● **Information provided**:
* * * * *

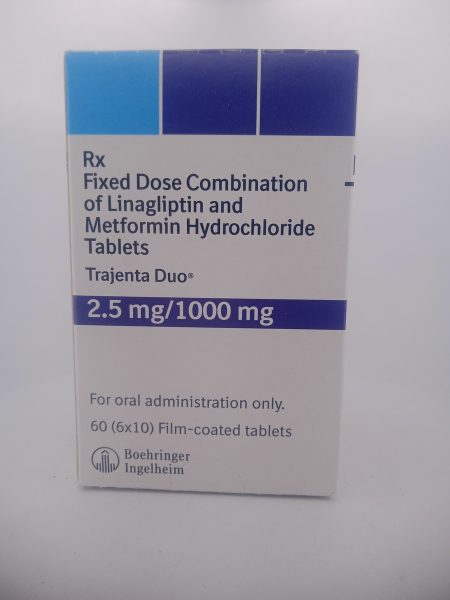 TRAJENTA DUO 2.5MG/1000MG - 10 TABLETS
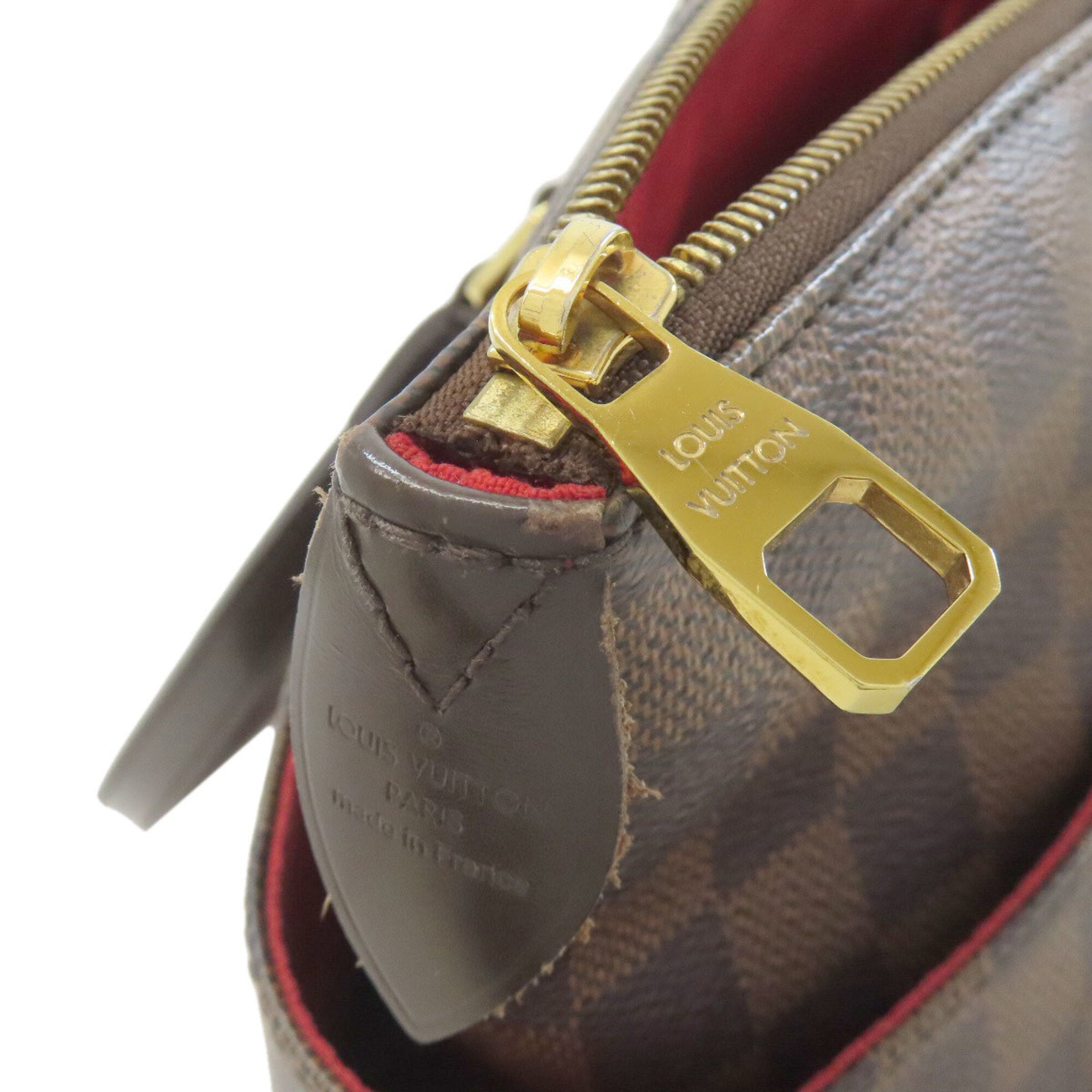 Louis Vuitton Damier Damier Canvas Ebene Damier Canvas Tote Bag (Pre-Owned)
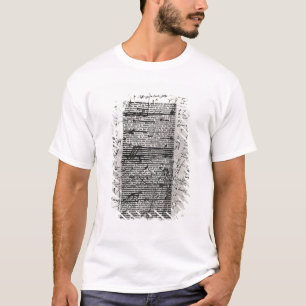 Pagina van een van Balzac's werken T-shirt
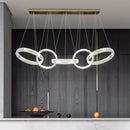 DecorBites™ Crystal Chandelier Pendant Light for Living Room Dining Room Ceiling Lighting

* * * * *

● **Task description**: All that is needed here is the run of lines from the one containing "Pagina van een van Balzac's werken T-shirt" through the end of the material above, reproduced exactly and without pictures.

● **Your solution**:
 Pagina van een van Balzac's werken T-shirt
 DecorBites™ Crystal Chandelier Pendant Light for Living Room Dining Room Ceiling Lighting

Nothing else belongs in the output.